As the assassin’s veto has taken hold in Europe in recent years, one of the strangest things is the way in which we now talk about free speech as if it were an abstract concept. We have endless sub-academic discussions about ‘the limits of free speech’. But free speech isn’t something you talk about. It’s something you do.
In honour of Germany’s missing comedian, I spent last weekend composing foul-mouthed poems about Mr Erdogan. After a happy 48 hours I had come up with a pretty good limerick which foully smeared not only President Erdogan but also his German counterpart for being his handmaiden. This latter point, I might add, is not expressed delicately in my work. Then on Monday, via The Spectator’s website, I launched the ‘President Erdogan Insulting Poetry Competition’, humbly presenting my own work and encouraging readers to do better (or worse). There are some strict rules. Although limericks are preferred (what insult cannot be included in that delicate and beautiful form?) this is not to say that long-form entries in iambic pentameter or heroic couplets will be entirely discounted. But it is well to keep these things within manageable limits. I have also stressed that all entries must be (a) wholly defamatory and (b) utterly obscene. Any that are not will be disqualified automatically.
Well, the entries immediately started flooding in, despite the fact that I had stressed that there was no prize other than our continuing freedoms. The following morning a reader got in touch and kindly offered a £1,000 prize. So we are away! The flood has become a deluge. Poems are pouring in from around the world (including Erdogan’s own country). Some debated the size of his manhood, others mulled on his sexual practices, others suggested (as Böhmermann had done) that his relations with the animal kingdom are not so innocent as they might seem. Although the competition is open to all, I would favour a German or Turkish entrant. Entries should be sent to firstname.lastname@example.org, under the heading ‘The President Erdogan Offensive Poetry Competition’. I have set a deadline of 23 June, as we may not be allowed to announce the winner after that date.

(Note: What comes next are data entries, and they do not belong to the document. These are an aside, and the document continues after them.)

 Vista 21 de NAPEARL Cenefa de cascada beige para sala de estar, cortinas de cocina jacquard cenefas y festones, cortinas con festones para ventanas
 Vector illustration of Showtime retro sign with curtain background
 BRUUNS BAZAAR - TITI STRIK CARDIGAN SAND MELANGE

I can already draw some conclusions. One is that although people’s minds are gratifyingly filthy, their technical abilities often lag far behind. Too many people today fail to understand poetic scansion. Others struggle to realise that a rhyme should never seem forced. Some even put in words that do not really exist. One commonplace effort seeks to rhyme the Turkish capital of Ankara with a word which, though unarguably helpful in the context, is not quite in the dictionary.

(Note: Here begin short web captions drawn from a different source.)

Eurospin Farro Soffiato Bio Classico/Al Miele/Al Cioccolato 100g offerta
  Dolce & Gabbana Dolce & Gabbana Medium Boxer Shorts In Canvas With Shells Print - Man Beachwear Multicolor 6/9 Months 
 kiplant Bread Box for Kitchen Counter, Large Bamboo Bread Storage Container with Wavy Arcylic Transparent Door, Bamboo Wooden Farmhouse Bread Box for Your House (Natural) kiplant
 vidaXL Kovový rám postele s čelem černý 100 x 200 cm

But the prize is already attracting great talent. So it should, for it is perhaps per line now the highest-paid poetry prize anywhere in the world. Indeed, if the winner has taken my advice and written a limerick it will probably make him or her (at £200 a line) the world’s best-paid poet. It is far better pay than the Laureateship (which I hope will persuade Carol Ann Duffy to enter).

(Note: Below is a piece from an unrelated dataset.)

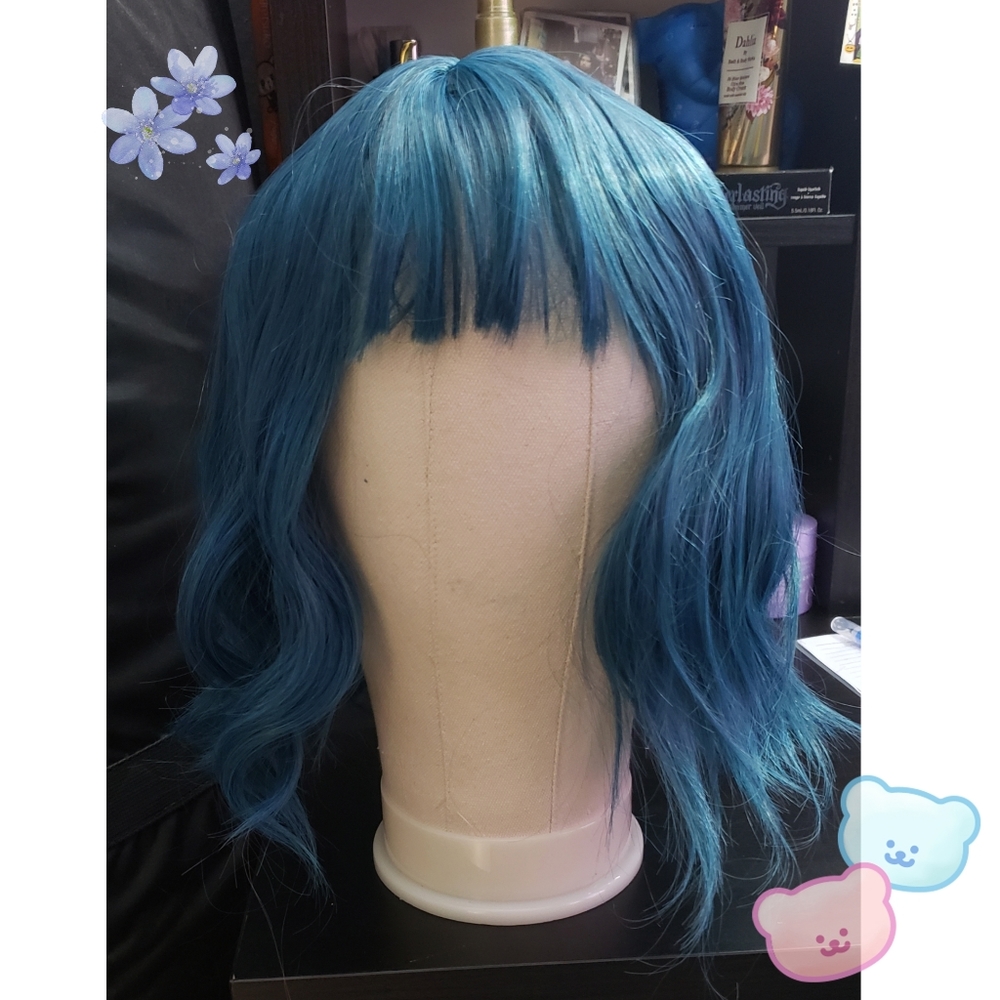 Blue Wavy Short Wig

At the time of writing, our competition has been discussed in the world’s greatest media outlets, from the USA to India. And of course it has been noticed in Turkey. A satisfyingly large number of journalists have reflected that what can get you imprisoned in Germany may now earn you £1,000 from a British magazine. It is a happy stand against an unhappy trend. But it has already grown too big for me. And although I am tempted, vizier-like, to declare myself the winner and snaffle the cash, in the days ahead I am going to have to put together the prize jury. Is there any panel that could be more fun to sit on?